- Location: Caroline County, Virginia
- Nearest city: Fredericksburg
- Coordinates: 38°12′27″N 77°16′44″W﻿ / ﻿38.2074°N 77.279°W
- Area: 934 acres (378 ha)
- Governing body: Virginia Department of Game and Inland Fisheries

= Pettigrew Wildlife Management Area =

Protected area of Virginia, United States

Pettigrew Wildlife Management Area is a 934 acre Wildlife Management Area (WMA) in Caroline County, Virginia. Most of the long and narrow area's land was once part of Fort Walker. It is largely dominated by forests, including hardwood stands dominated by oak and beech, as well as stands consisting mostly of Virginia and loblolly pine. Lower vegetation including greenbriar, honeysuckle, and Virginia creeper may be seen reclaiming the property's formerly open areas. On the southern edge of the area lies Mount Creek; its drainage, aided by beavers, is the primary wetland for the area.

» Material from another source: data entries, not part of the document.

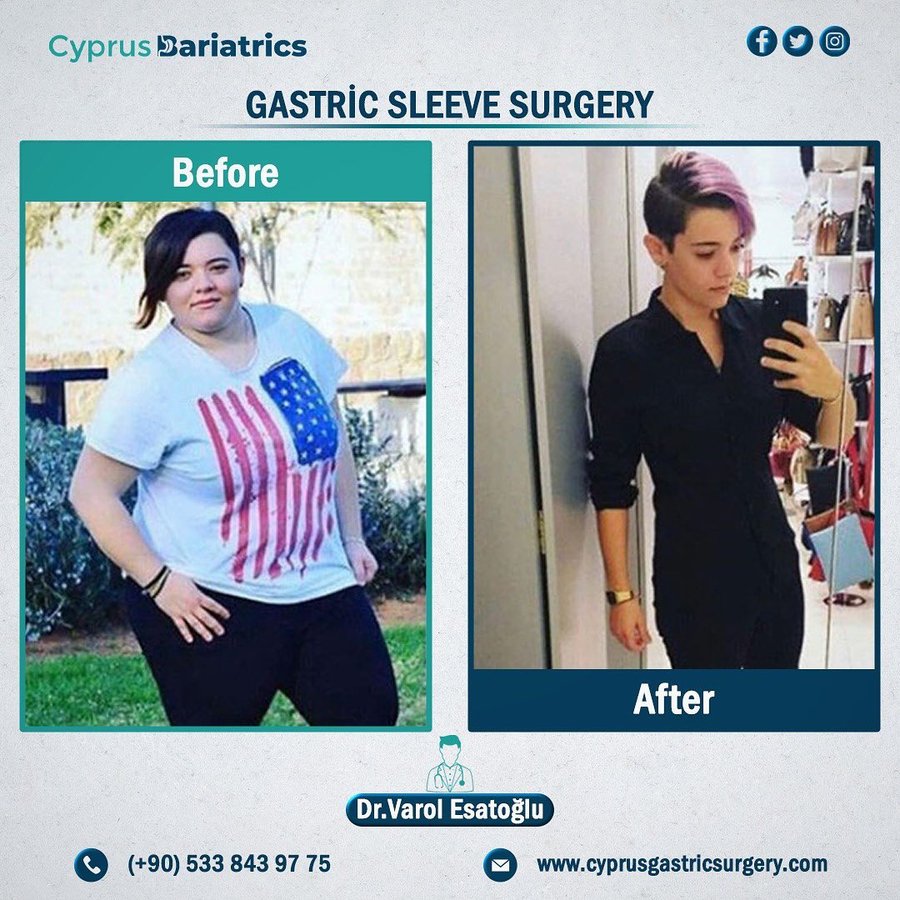 Cyprus Bariatrics - Dr. Varol Esatoglu - Cyprus Bariatrics - Dr. Varol Esatoglu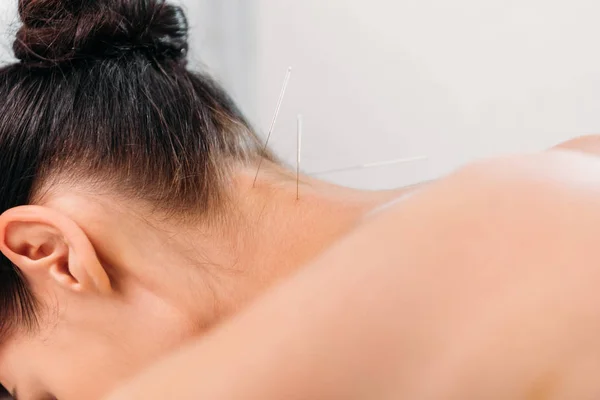 Vista parcial de la mujer que tiene terapia de acupuntura en el salón de spa - foto de stock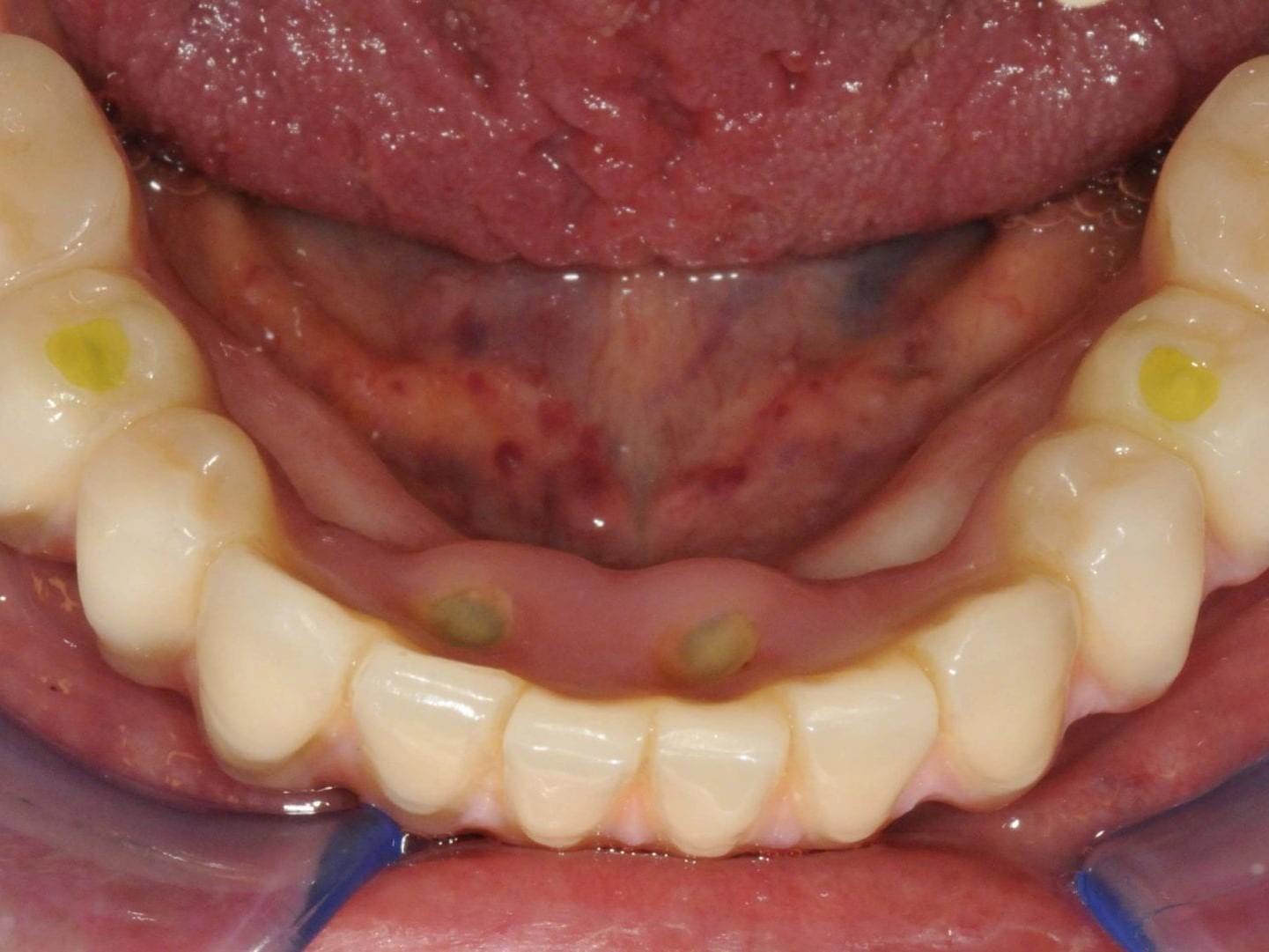 Abb. 9b okklusale Ansicht in situ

Ware Creek, at the north end, is another major water source, and the tributaries of both streams may also be seen on the property.

Pettigrew WMA is owned and maintained by the Virginia Department of Game and Inland Fisheries. The area is open to the public for hunting, trapping, fishing, hiking, horseback riding, and primitive camping. Access for persons 17 years of age or older requires a valid hunting or fishing permit, or a WMA access permit.